(39)四面楚歌の平家

                                     阪本信子 会員
 治承のクーデターは計画的でなかったため不手際が目立ちます。 中でも院政を停止させるために強行した法皇の鳥羽殿幽閉は、各勢力に武力蜂起を促し、打倒「朝敵平家」の大義名分を与えました。

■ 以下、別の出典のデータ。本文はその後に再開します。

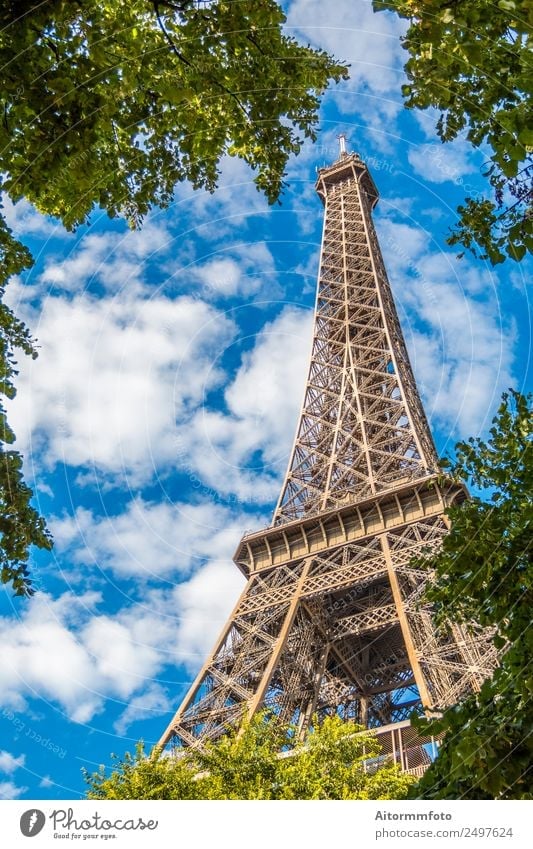 Eiffel Tower in green trees on blue sky Vacation & Travel Tourism Sightseeing Summer Garden Culture Nature Sky Park Building Architecture Monument Metal Bright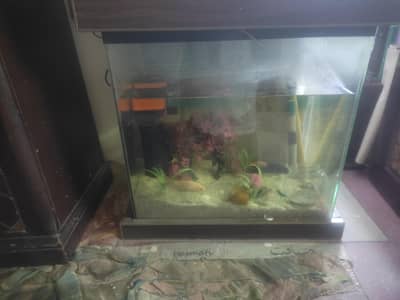 aquarium & fish tank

 清盛の最後の仕上げは徳子の生んだ皇子言仁親王天皇にすることです。
 摂関時代にも、また院政の時代でも幼い天皇を補佐する形で摂関家上皇が権力を握る先例は多々あり、幼い天皇だから悪いとは一口には言えないのですが、安徳天皇即位については平家にとって好都合なだけに早すぎるとの非難がありました。
 ブーイングの中で安徳天皇は生後15ケ月で天皇となり、高倉天皇は20歳で退位し上皇となりました。こうなると「院政の主」は高倉上皇となり、後白河法皇は用済みです。清盛は待望の天皇の外祖父となり、これで平家政権は完成したといえます。
 しかし、新興貴族平家にとって権門勢力の殆どを敵に回していることを清盛は分かっていたのでしょうか。又しても反平家勢力、特に寺社勢力を挑発する事態となります。
 高倉が上皇となってはじめての寺社詣でを厳島に決められたのです。幽閉されている父後白河を思って、清盛の心を和らげようとの高倉上皇の考えなのですが、清盛の意向が無かったとは言いきれません。
 しかし、皮肉なことにこの厳島詣では虚弱体質の高倉上皇の病状を悪化させ死期を早め、また先例を無視するものとして、面子を潰された権門寺社勢力の反平家の機運を高め、団結を強化する役割を果たしたに過ぎませんでした。